Fitch afirma ratings de subsidiárias da Enel Brasil

Agência classificou riscos da Eletropaulo, Ampla e Coelce com perspectiva estável

A agência de classificação de risco Fitch Ratings afirmou em ‘BBB-‘ e em ‘BB+ os ratings de Longo Prazo em Moedas Local e Estrangeira da Eletropaulo. Ao mesmo tempo, a agência classificou em ‘AAA(bra)’ o Rating Nacional de Longo Prazo da distribuidora paulista e de duas outras subsidiárias, Enel Rio e Ceará, todos com Perspectiva Estável.

A avaliação reflete o forte vínculo com a controladora Enel Americas, haja visto que as subsidiárias relevantes da Enel Brasil estão incluídas nas cláusulas de inadimplência cruzada da dívida mantida pelo acioninsta controlador, que também possui histórico de concessão de empréstimos mútuos substanciais, aumentos de capital e garantias prestadas às empresas brasileiras, incluindo os R$ 8,7 bilhões do empréstimo-ponte levantado por estas para financiar a aquisição da Eletropaulo (R$ 7,1 bilhões) e R$ 1,5 bilhão de capital nela injetado.

A Fitch considera o aumento de capital e a garantia da Enel Brasil aos R$ 3,0 bilhões da recente emissão de debêntures positivos para o perfil de crédito individual da Eletropaulo, já que o montante será utilizado para financiar o plano de investimentos da companhia e contribuirá para a melhora de sua flexibilidade financeira.

A Enel Brasil tem participado ativamente do processo de consolidação do setor elétrico no Brasil, que se tornou o principal país na carteira da Enel Americas, com participação em torno de 50% nas receitas e de 37% no EBITDA, em bases pro forma, após a aquisição da Eletropaulo. A estratégia de crescimento, que também contemplou as aquisições da Celg e da Usina Volta Grande, em 2017, contribui para a diversificação dos ativos. No segmento de distribuição de energia, a Enel Brasil é o maior grupo do país, com 16,3 milhões de consumidores e presença em 511 municípios.

Em base combinada, a agência acredita que o grupo conseguirá administrar seu fluxo de caixa livre (FCF) — que deve permanecer negativo até 2020 —, devido à sua adequada posição de liquidez e à comprovada flexibilidade financeira, beneficiado pelo suporte financeiro da controladora. Pelas projeções da agência, a companhia manterá alavancagem consolidada bruta e líquida, em bases pro forma, em patamares moderados, de 4,8 vezes e de 3,9 vezes, respectivamente, no final de 2018.

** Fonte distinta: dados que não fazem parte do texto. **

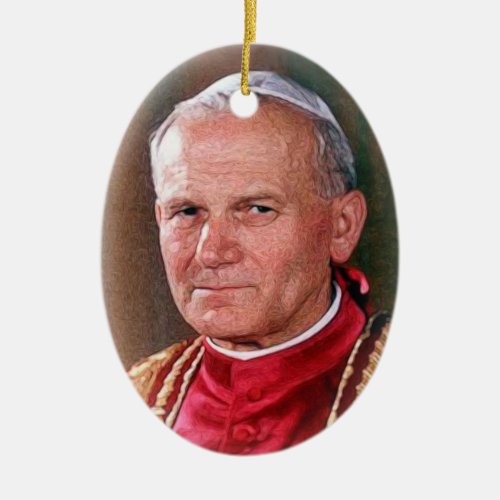 Pope Saint John Paul II Ceramic Ornament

De acordo com a Fitch, o EBITDA adicional esperado do segmento de distribuição, em virtude do quarto processo de revisão tarifária envolvendo todas as suas companhias, em 2018 e 2019, deverá sustentar o processo de redução da alavancagem do grupo. A alavancagem líquida ajustada deverá diminuir para 2,5 vezes em 2020.

A análise aponta para um fluxo de caixa das operações (CFFO) consolidado da Enel Brasil, que aumentará da média anual de R$ 1,3 bilhão no período de 2014 a 2017 para a média anual de R$ 3,2 bilhões de 2018 a 2021, com a incorporação das companhias adquiridas e o EBITDA adicional esperado, após a implementação do ciclo de revisão tarifária em todas as companhias de distribuição.

A primeira, Enel Rio, antecipou em um ano o ciclo de revisão de suas tarifas — para março de 2018 — e, como resultado, teve um aumento de R$ 340 milhões no EBITDA regulatório, que passou para R$ 1,1 bilhão. O processo de revisão tarifária do grupo continuará com a Enel Goiás, em outubro de 2018; com a Enel Ceará, em abril de 2019; e, por fim, com a Eletropaulo, em julho de 2019. O grupo reportou EBITDA consolidado de R$ 2,6 bilhões em 2017, abaixo do EBITDA regulatório de R$3,1 bilhões. Dessa forma, segundo a análise, há espaço para melhorar a eficiência e diminuir esta lacuna.